# This is the notebook for optimizing the model for categorizing our Lego bricks. Categories will be defined by Tom Alphin's Lego Brick Labels (v39).

In [1]:
#Import packages
import os  
os.environ['TF_CPP_MIN_LOG_LEVEL'] = '2'

import math
import random
import shutil

import numpy as np
import pandas as pd
import matplotlib.pyplot as plt
import seaborn as sn
import inspect
from tqdm import tqdm

import tensorflow as tf
from tensorflow import keras
from tensorflow.keras import layers

2023-02-14 15:05:36.244954: E tensorflow/stream_executor/cuda/cuda_blas.cc:2981] Unable to register cuBLAS factory: Attempting to register factory for plugin cuBLAS when one has already been registered


In [2]:
print(tf.reduce_sum(tf.random.normal([1000, 1000])))
print(tf.config.list_physical_devices('GPU'))
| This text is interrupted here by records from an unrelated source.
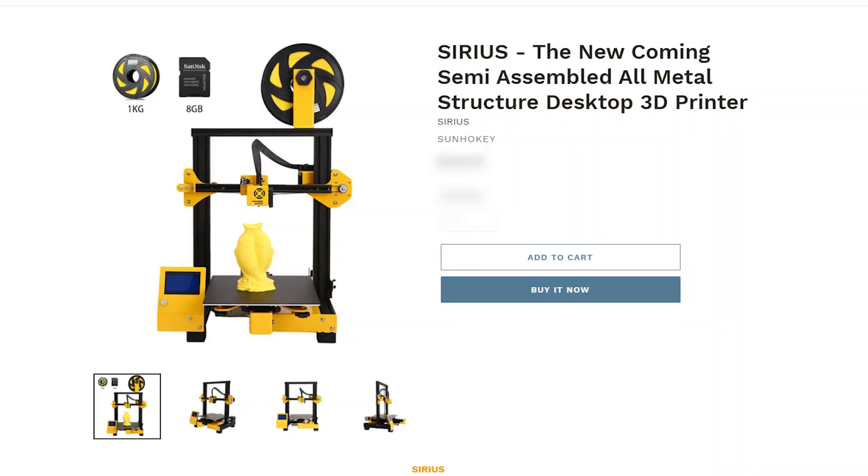Hey guys, hope you're surviving the lockdown blues and coping okay. Sean from Print or Die has sent me a Sunhokey Serious printer to have a look at. He sent it to me a few weeks ago and I've been playing around with it in the meantime. All in all it's a good printer, but there were a couple of problems that Sean is going to be working on.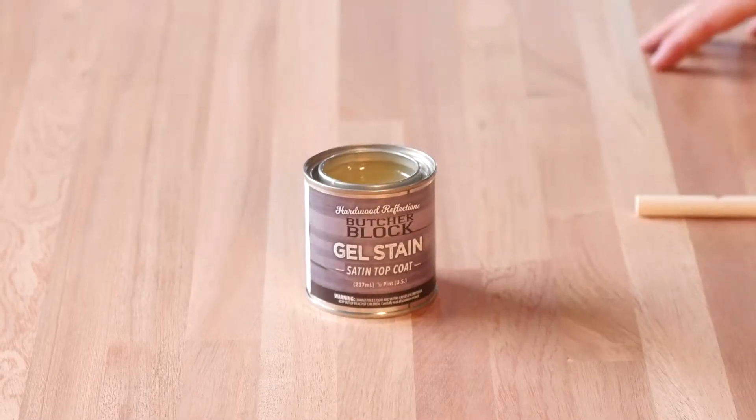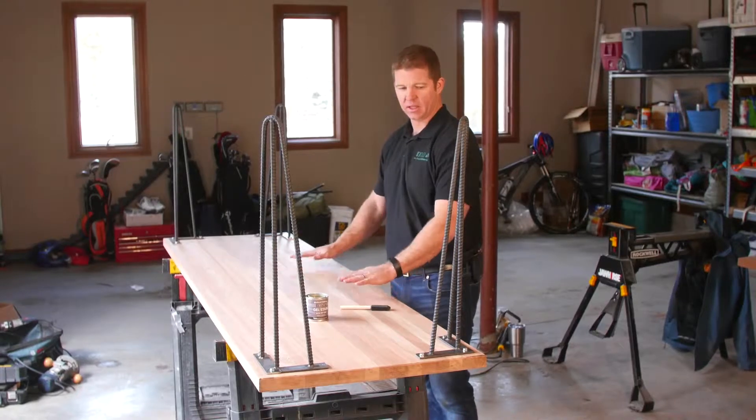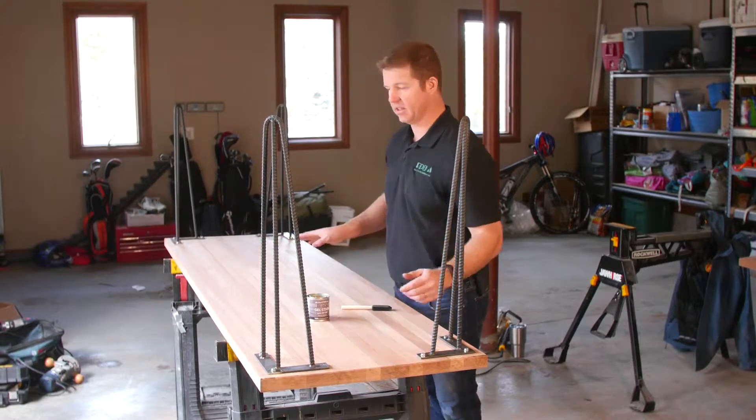We're going to go ahead and take a top coat — we're going to apply the Harder Reflections top coat to the bottom of this. And like all butcher blocks, we've also got to make sure we do the other four sides and then the top.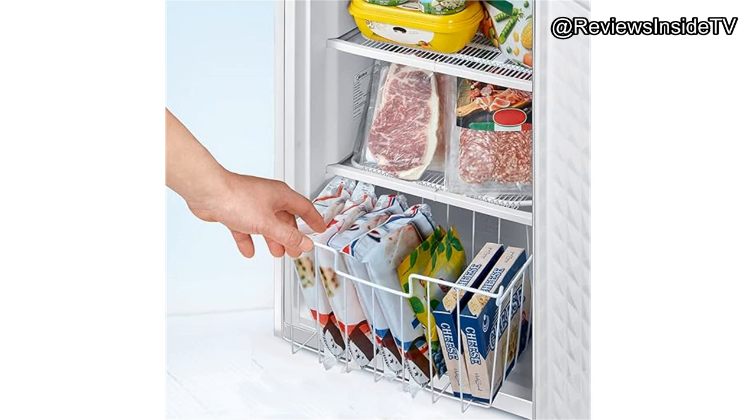Now let's compare it to similar models on the market. In terms of size, it competes with the Arctic King 3.0 cubic foot upright freezer and the Wintec 301BK. While all three are compact, the Arctic King edges out slightly with a more modern look, and Wintec's model offers frost-free functionality. That said, both alternatives are generally priced higher, making the Medea a solid budget-friendly option.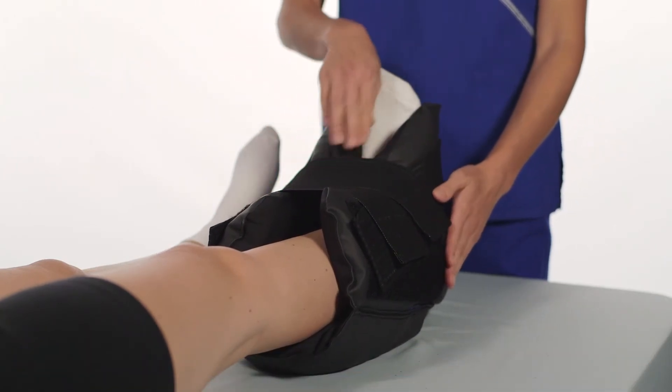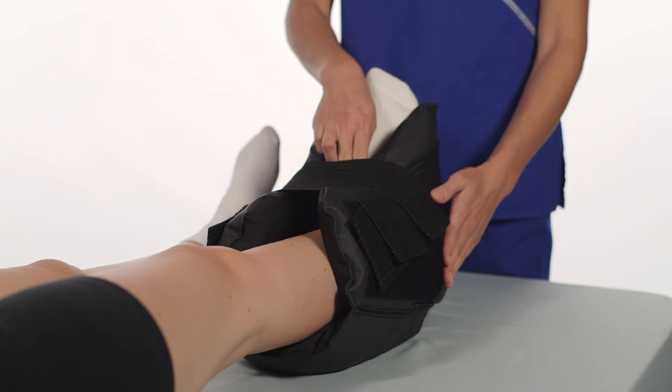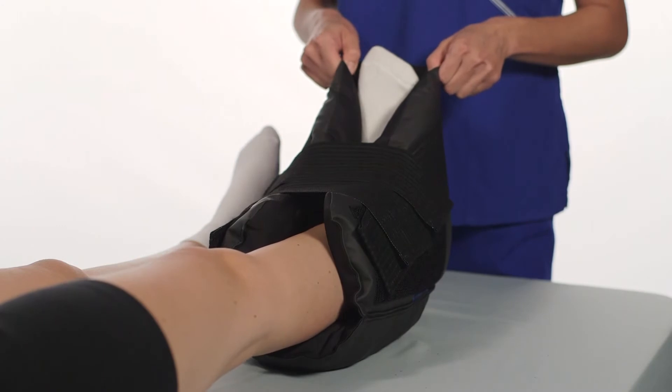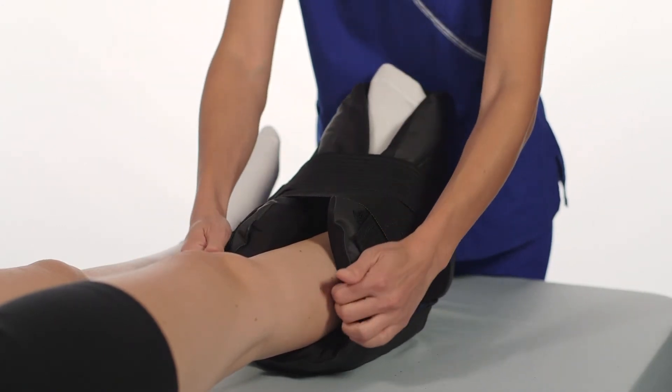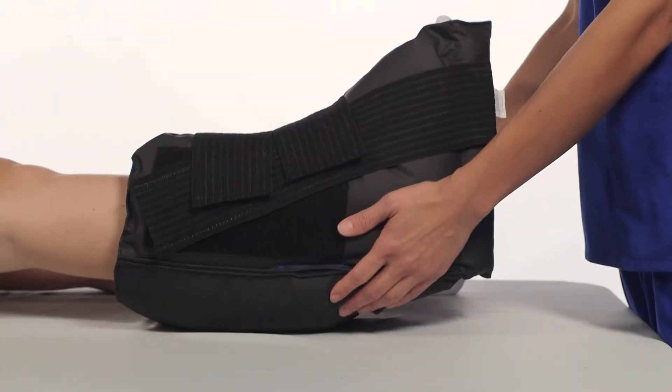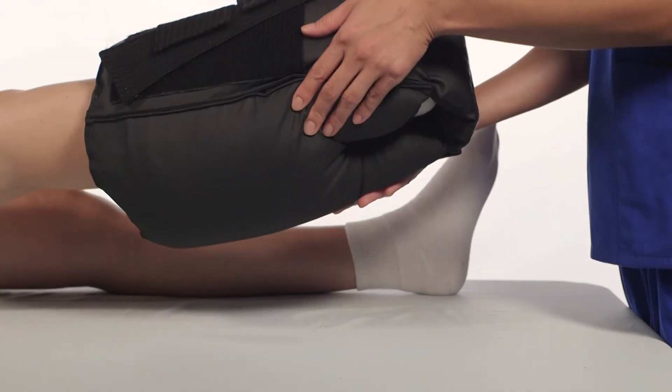Make sure two fingers fit between the device and the patient to ensure circulation is not compromised. Pull both foot flaps up and side flaps toward the patient to ensure that the device is secure and that the heel is suspended over the heel opening.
tf.Tensor(617.16956, shape=(), dtype=float32)
[PhysicalDevice(name='/physical_device:GPU:0', device_type='GPU')]


# Comparing Transfer Learning Models

We will be using transfer learning techniques on Keras pre-trained models to create our categorization model. We will first need to test out all of the different Keras Applications and discover which one will best work for our needs.



**Training Dataset:**

We will be using the 447 class training data set referenced in this paper:https://www.iccs-meeting.org/archive/iccs2022/papers/133520608.pdf

**Testing:**

We will be selecting 20 random classes of Lego brick to train our models on. Models will then be compared with each other to determine what will best work for our purposes

**Data Augmentation:**

In order to save time for finding an optimal model, no data augmentation other than resizing our images (without preserving aspect ratio) to match the input of the models will be utilized.

In [3]:
# Create a dictionary of models we will test
model_dict = {}
model_dict["VGG16"] = tf.keras.applications.VGG16
model_dict["VGG19"] = tf.keras.applications.VGG19
model_dict["ResNet101V2"] = tf.keras.applications.ResNet101V2
# model_dict["ResNet152"] = tf.keras.applications.ResNet152
model_dict["ResNet152V2"] = tf.keras.applications.ResNet152V2
model_dict["ResNet50"] = tf.keras.applications.ResNet50
model_dict["ResNet50V2"] = tf.keras.applications.ResNet50V2
model_dict["InceptionResNetV2"] = tf.keras.applications.InceptionResNetV2
model_dict["InceptionV3"] = tf.keras.applications.InceptionV3
model_dict["MobileNet"] = tf.keras.applications.MobileNet
model_dict["MobileNetV2"] = tf.keras.applications.MobileNetV2
# model_dict["MobileNetV3"] = tf.keras.applications.MobileNetV3 <- weird exceptions
model_dict["Xception"] = tf.keras.applications.Xception
model_dict["DenseNet121"] = tf.keras.applications.DenseNet121
model_dict["DenseNet169"] = tf.keras.applications.DenseNet169
model_dict["DenseNet201"] = tf.keras.applications.DenseNet201
model_dict["EfficientNetV2S"] = tf.keras.applications.EfficientNetV2S
model_dict["EfficientNetV2M"] = tf.keras.applications.EfficientNetV2M
model_dict["EfficientNetV2L"] = tf.keras.applications.EfficientNetV2L




In [4]:
# Load in our preprocessed models into a dictionary
preprocessed_models = {}
for model_name, model in tqdm(model_dict.items()):
    print("Processing: " + model_name)
    preprocessed_models[model_name] = model(include_top=False)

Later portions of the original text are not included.